* Action item *
Give back every record word for word, keeping the pictures out.

# # # #

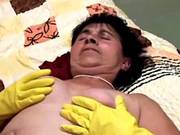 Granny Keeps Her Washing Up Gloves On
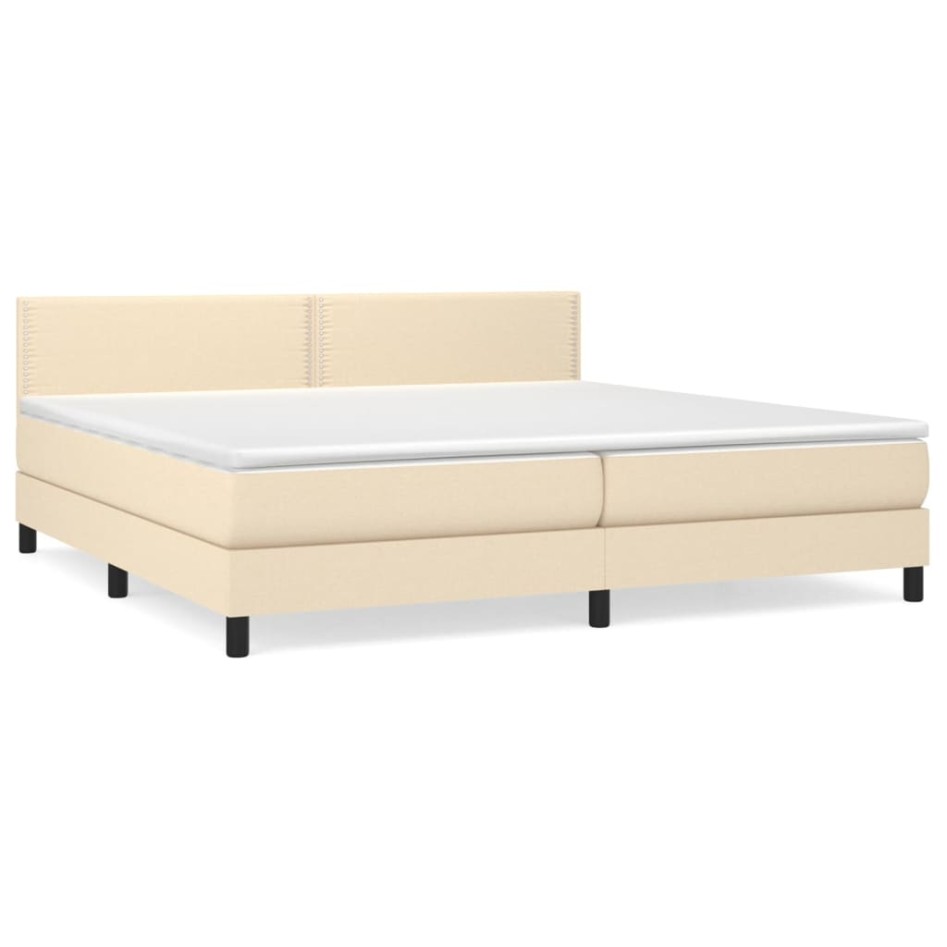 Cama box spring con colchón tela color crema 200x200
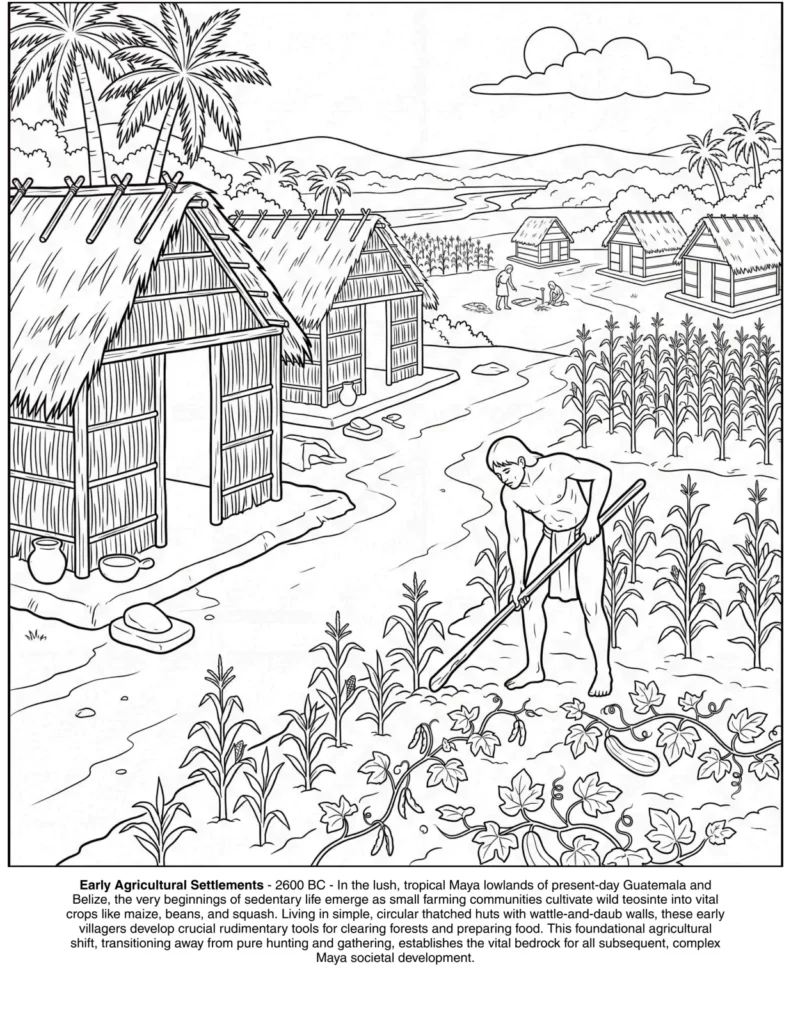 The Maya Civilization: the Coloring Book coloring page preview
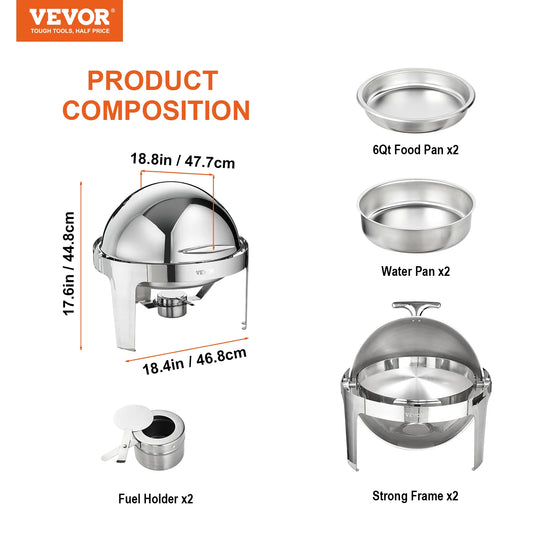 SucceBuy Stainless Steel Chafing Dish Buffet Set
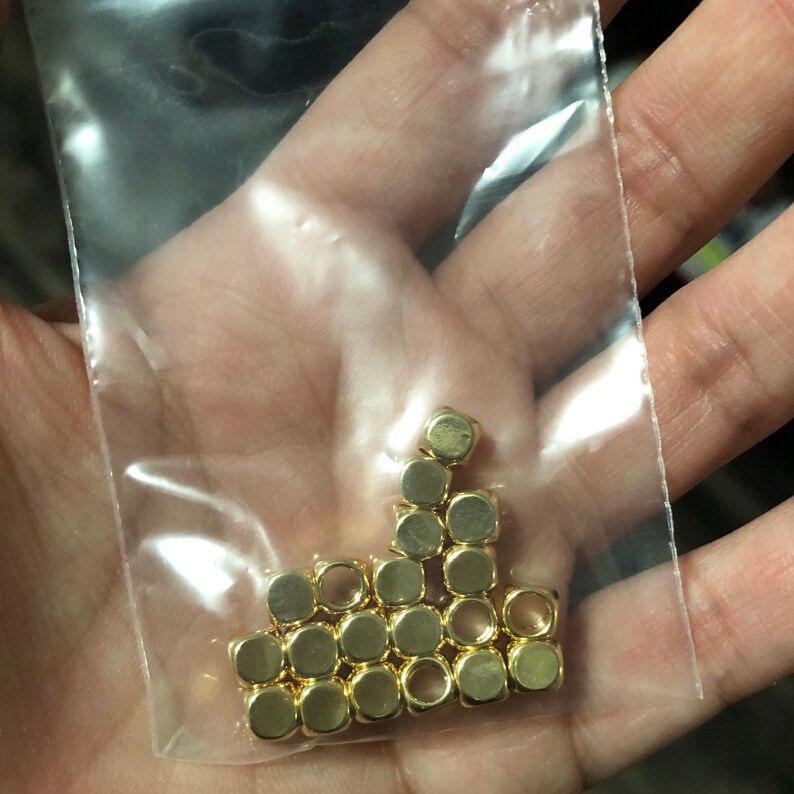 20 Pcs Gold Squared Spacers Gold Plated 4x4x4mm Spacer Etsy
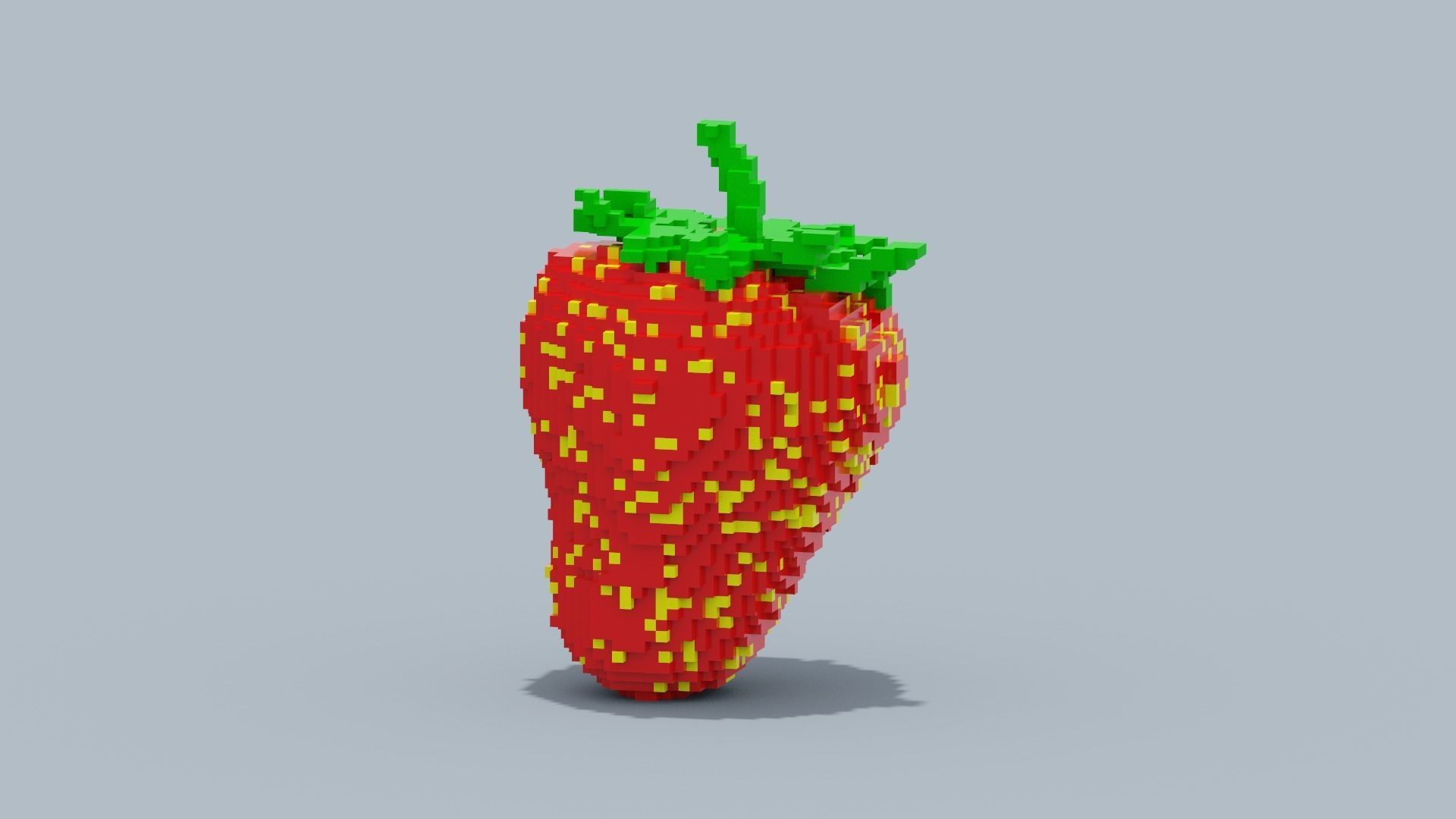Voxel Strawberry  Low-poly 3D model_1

# # # #

* Your response *
 Granny Keeps Her Washing Up Gloves On
 Cama box spring con colchón tela color crema 200x200
 The Maya Civilization: the Coloring Book coloring page preview
 SucceBuy Stainless Steel Chafing Dish Buffet Set
 20 Pcs Gold Squared Spacers Gold Plated 4x4x4mm Spacer Etsy
Voxel Strawberry  Low-poly 3D model_1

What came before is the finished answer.